» **The problem**:
Every line below should be copied exactly; drop the pictures.

» **Recorded data**:

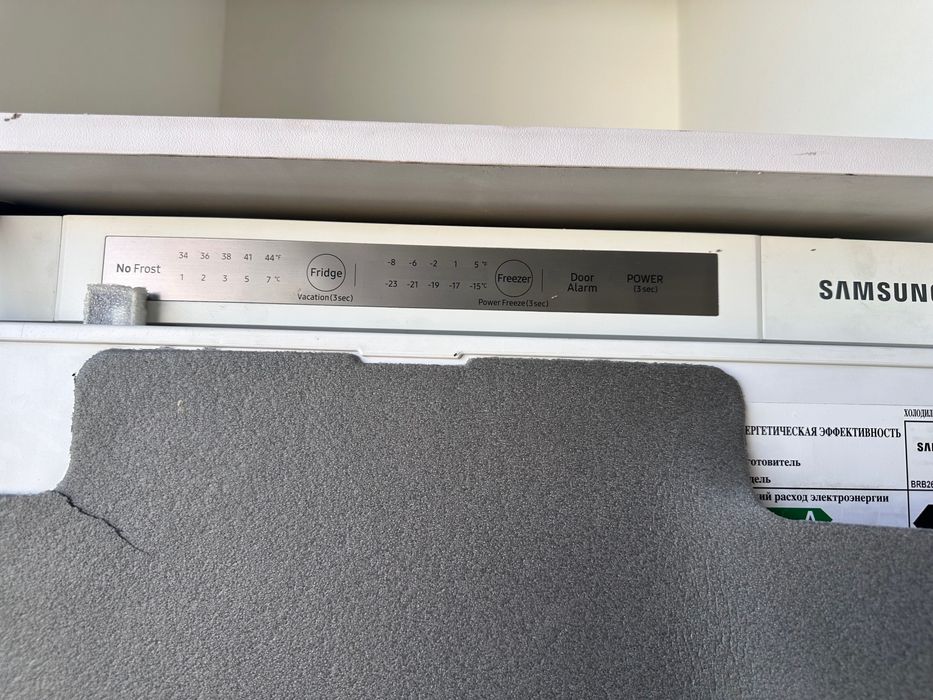 Продам встраиваемый холодильник Самсунг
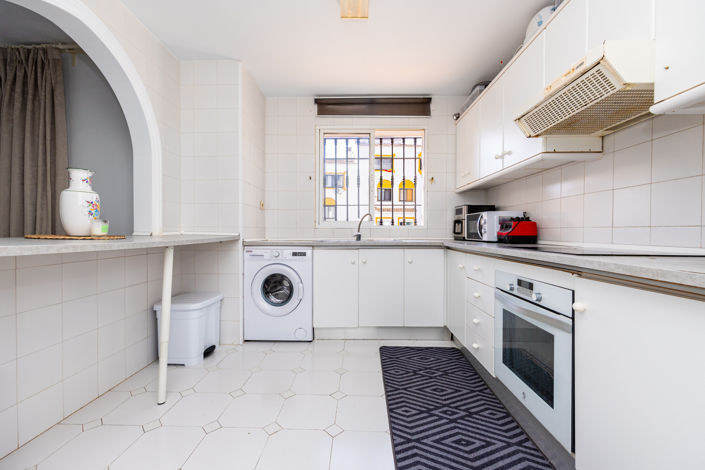 Image No.3-2 Bed Property for sale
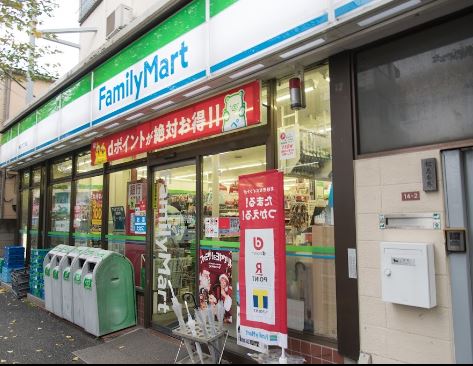 コンビニ　ファミリーマート 梅里二丁目店（コンビニ）まで439m
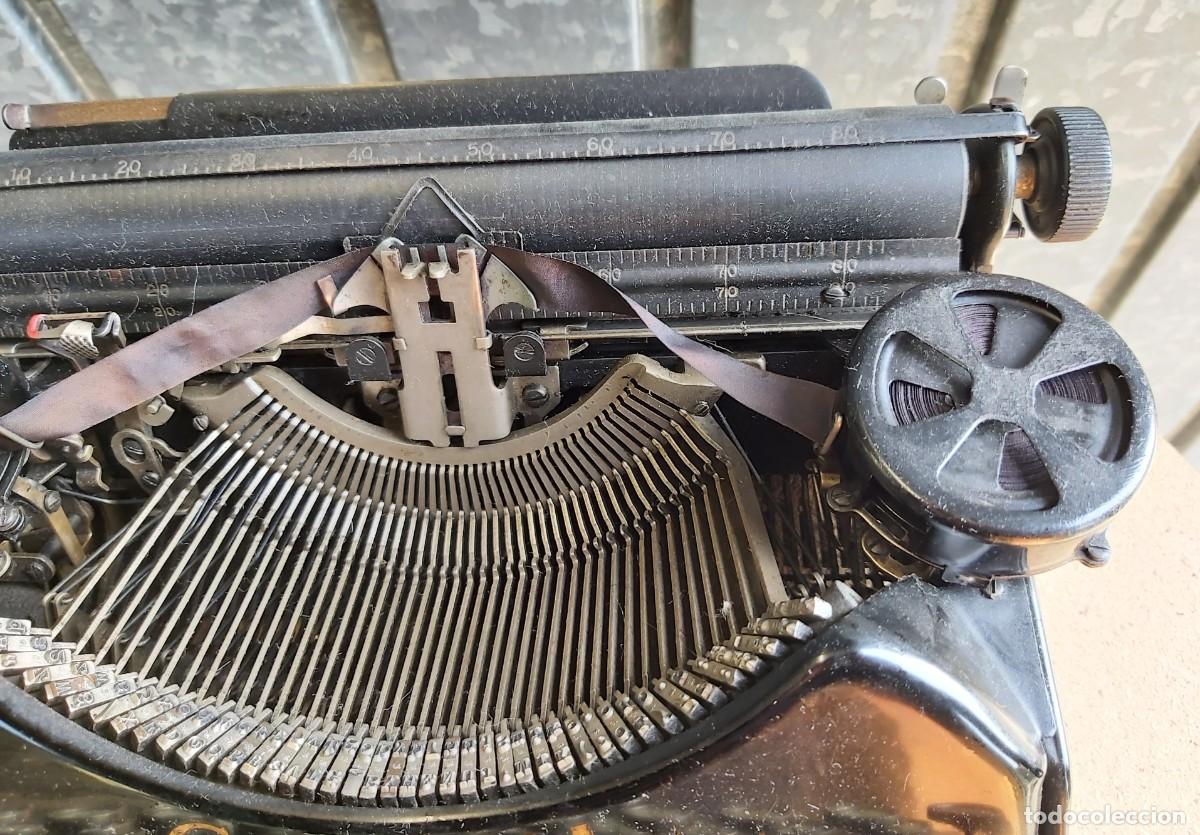 Antig&uuml;edades: M&aacute;quina de escribir CORONA - Foto 6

» **Solution to the exercise**:
 Продам встраиваемый холодильник Самсунг
 Image No.3-2 Bed Property for sale
 コンビニ　ファミリーマート 梅里二丁目店（コンビニ）まで439m
 Antig&uuml;edades: M&aacute;quina de escribir CORONA - Foto 6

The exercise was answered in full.